Figure 1. Microgrid with central controller

 

There is a master controller in the master/follower control strategy that allows other follower controllers in the subnet to receive and execute settings and commands from this master controller through telecommunications. Figure 2 shows this control strategy. The voltage source is the main controller. When connected to the network, the system voltage and frequency are stabilized by the mains and the microgrid will not need to adjust the voltage and frequency [39].
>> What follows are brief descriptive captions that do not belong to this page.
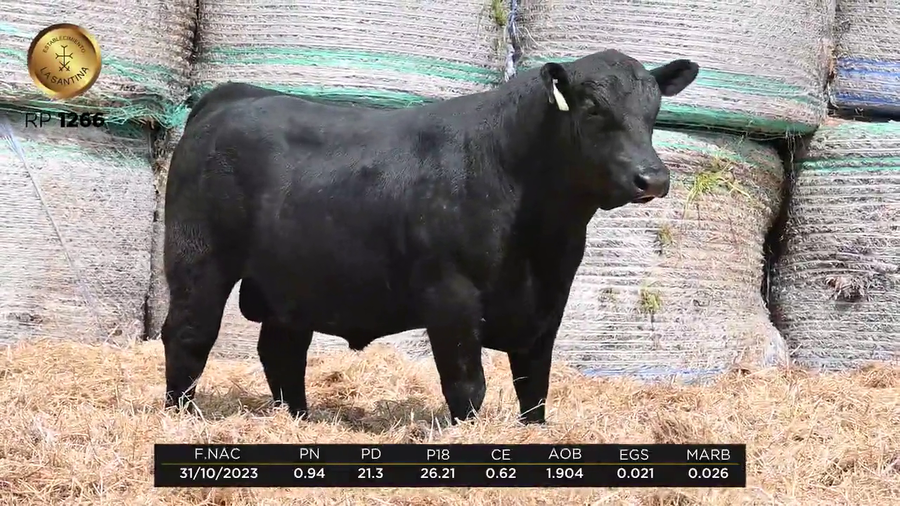 Lote LA SANTINA NAPOLEON 105-1266 TE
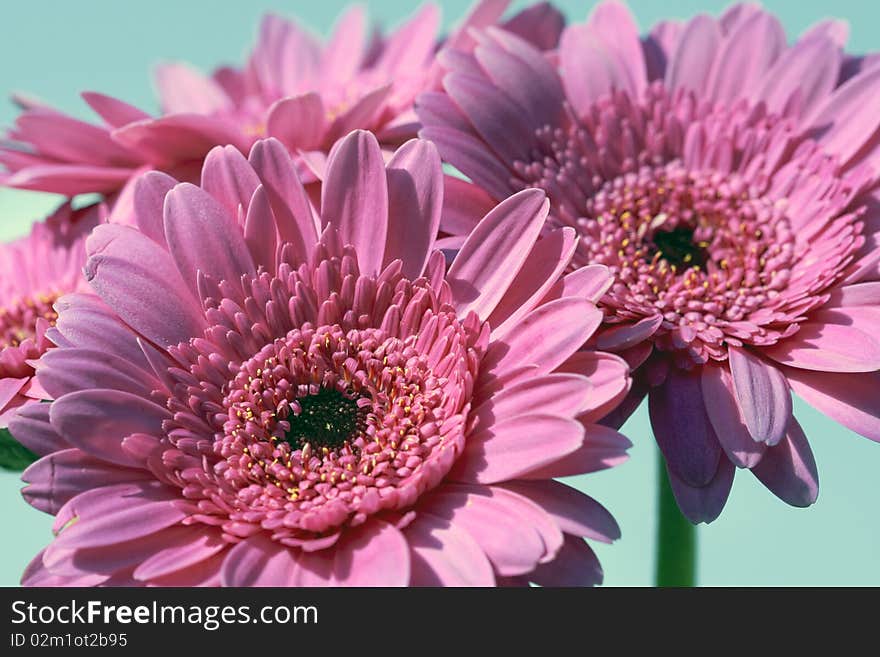 Pink  Gerbera flower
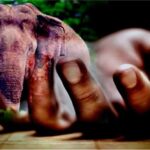 காட்டு யானை தாக்கி நபரொருவர் பலி!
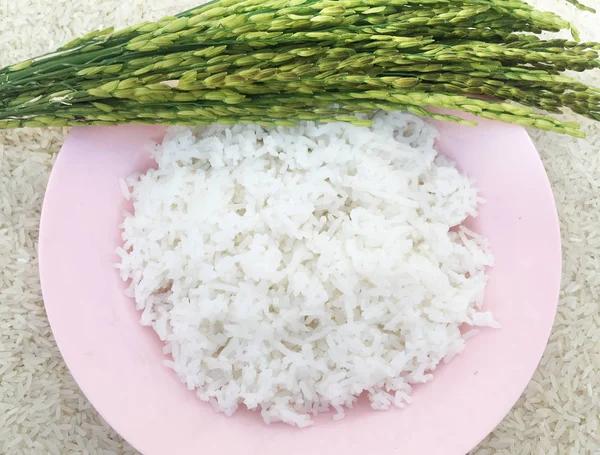 Arroz Jazmín Fresco Tailandia — Foto de Stock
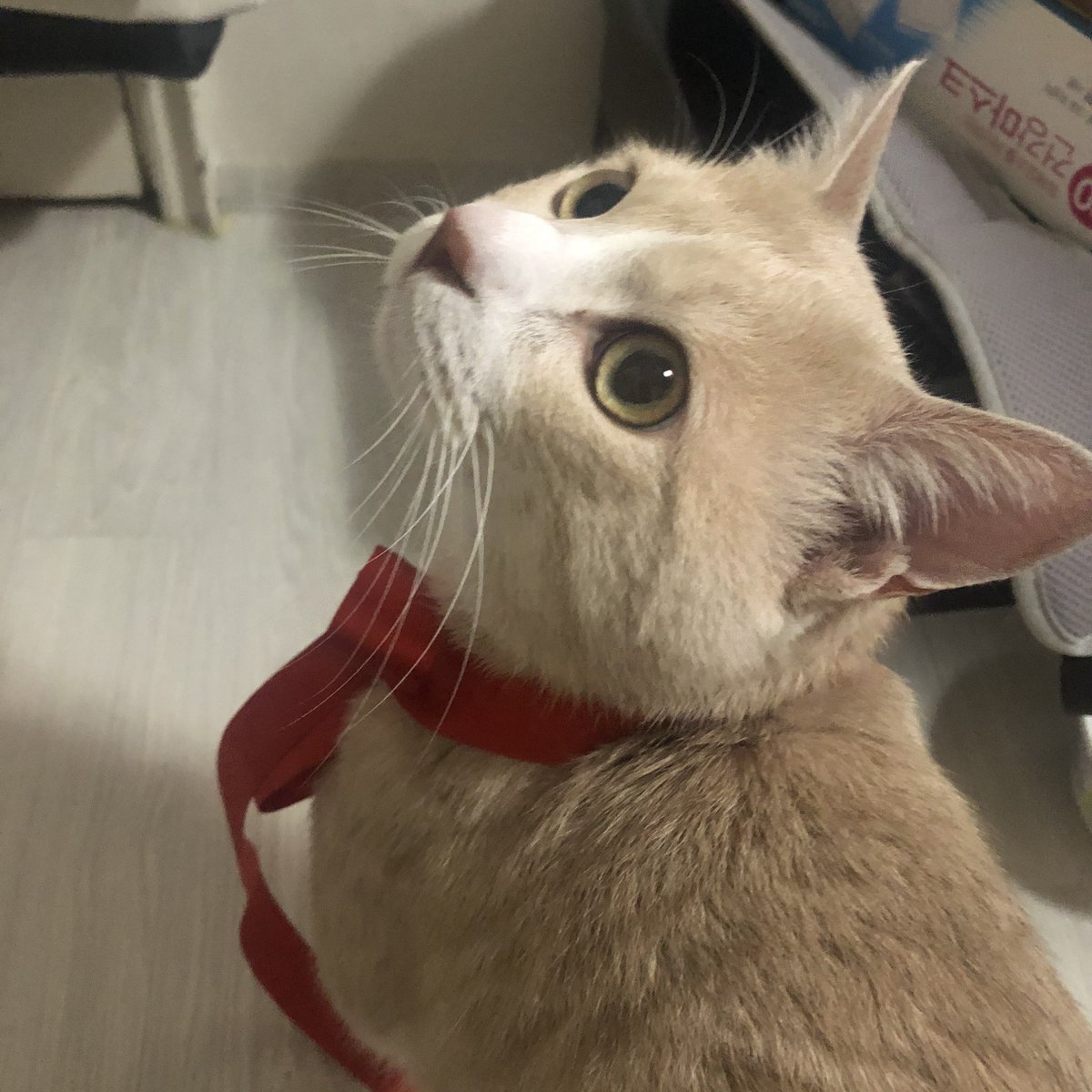 withmypotato's tweet photo. 😻 https://t.co/xhhVKQ7biN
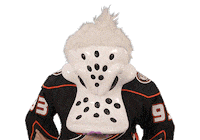 Ice Hockey Sticker by NHL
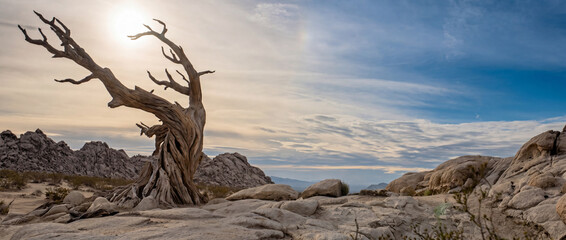 Fototapeta premium Solitary weathered dead tree skeleton illuminated by hazy desert sun amidst pale rocky landscape and dramatic cloudy sky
Figure 2. Schematic of a microgrid based on main/follower control

 

Storage voltage drop control

VBD control has been developed for low voltage microgrids, which is characterized by the use of resistive microgrid lines mainly including the connection between the active power P and the voltage range of the Vg network. Hence, P/Vg is used instead of frequency control (P/f droop control) to share active power between units, including storage elements, in the network. It is considered a public storage element and the control strategy is an initial control strategy [40-42].

 

Figure 3. Voltage and frequency control scheme diagram

 

The main difference with the previously developed VBD controller is that the charge element (SOC) of the storage element must be considered [43-45]. An overview of the control scheme is shown in Figure 3. However, the Pdc/Vg droop controller is different in storage elements. The storage elements are first equipped with a Pdc/Vg droop controller that determines the active power output of the storage element, which sets Vg; ref to Vg; nom.

 

Simulation results

In the following figures, a storage element with a maximum output/input power of 4 kW and a maximum capacity of 10 mAh (i.e., a very small storage element to magnify and compress the effect of SOC changes) is presented. The initial SOC is equal to 0.5. Voltage values (± 10% Vg; nom) are violated for a period of less than, for example, 12.1 Vg; ref) compared with SOC. This changes the Pdc/Vg curve to the left and reduces power delivery. At t = 3.5 seconds, the load decreases, which increases the terminal voltage. As Vg; ref> Vg; the storage element starts charging. At t = 5s it decreases even more, which leads to an increase in the consumption of storage equipment [46-48].

 

Figure 4. Dynamic changes of microgrids with storage unit without DG flexibility

Figure 5. Dynamic changes of microgrids with storage unit and DG flexibility

 

Conclusion 

Today, due to the increasing influence of distributed generation in the power grid and also the emergence of an island state due to switching for various reasons such as error or predetermined switching, strategies for the operation of distributed generation are of particular importance. It depends on both economic and electricity market reasons and maintaining the stability of the network. In this study, after the complete introduction of micro-networks and distributed generation and types of distributed generation, as well as how to model them in simulation, we examined a specific strategy in the operation of distributed generation when the micro-network became an island. In this paper, a voltage-based droop control for storage elements in island microgrids is presented. This storage controller works well with controlling the same voltage-based droop across other microgrid elements such as controllable loads and DG units. As the microgrid control is unrelated and the storage elements contribute to the microgrid control in a coordinated manner with other network elements, this strategy offers the benefits of a consistent control strategy to the microgrid stability.